Let’s start with the good news first.
Whether you’re in the market for a Samsung device, an LG phone, something from HTC, or maybe even an offering from this little-known startup called Essential, you can rest assured that your money will go towards a high-end, highly capable, long-lasting smartphone, that can take great photos, and also isn’t bogged down by too much third-party software.
Now, the bad news.
In Canada, most premium-tier Android devices cost almost $1,000 CAD outright.
There’s some more bad news too. Android’s never been better, but if you’re looking for a smartphone, you also need to throw in Apple’s offerings into the mix.
So how does Samsung’s Note 8 compare to its Android rivals, as well as Apple’s blockbuster? All things considered, quite well actually.
First things first, if this was a competition based solely on screen-size, then the Note 8 would be the undisputed heavyweight champion of the world.
A quick aside to bring up the subject of fingerprint sensors: other than the iPhone 7 Plus, every device featured in this comparison has its fingerprint sensor on the back.
In terms of sheer processing power, the Note 8 compares favourably against all of this year’s major flagships. Like the Essential Phone, the Note 8 is powered by a Snapdragon 835 processor. However, unlike the Essential Phone — as well as the G6 and the iPhone 7 Plus — the Note 8 has a staggering 6GB of RAM.
The Note 8 can also be upgraded with an additional 256GB of storage with an SD card — just like the G6, and unlike the Essential Phone and the iPhone 7 Plus. Also unlike the the iPhone 7 Plus and the Essential Phone — and like the G6 — the Note 8 features a headphone jack.
In terms of ecosystem, there’s really no comparing any device to the iPhone. The iPhone reigns over Apple’s walled empire with an anodized aluminum finish, and it works with Apple products ranging from as-of-yet unreleased smartspeakers to bluetooth headphones to laptops to desktops to omnipotent workstations.
Samsung, LG, and Essential simply can’t compete with Apple’s ecosystem, so if you own a macOS device or you’ve spent quite a bit of time cultivating an Apple lifestyle, it doesn’t really make sense to get an Android device.
As for photography, each of these devices boast a dual-camera set-up, but that doesn’t necessarily mean that their cameras are equal.

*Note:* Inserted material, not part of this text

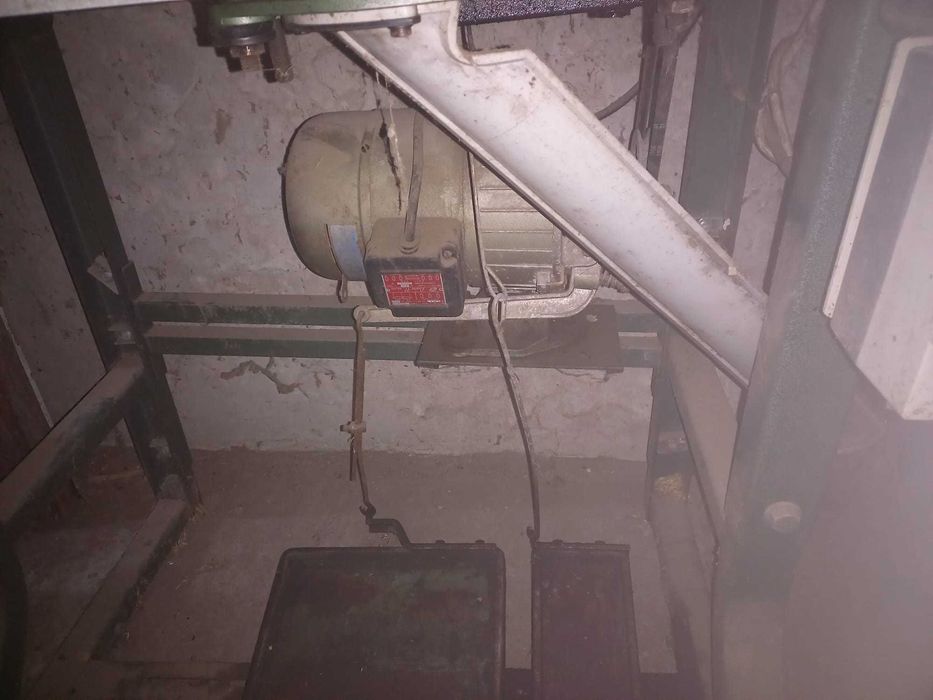 mașină de surfilat 3 ațe (triploc croitorie) cu masă și motor 220 V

MobileSyrup hasn’t had time to fully test out the Note 8’s shooter, but if the Note 7, the Samsung Galaxy S8 and the Galaxy S8+ are any indication, Samsung’s latest phone is going to feature an almost unparalleled camera experience.
So, if you’re looking for something smaller — or something a little cheaper — than the Note 8, there are other equally capable devices available on the market.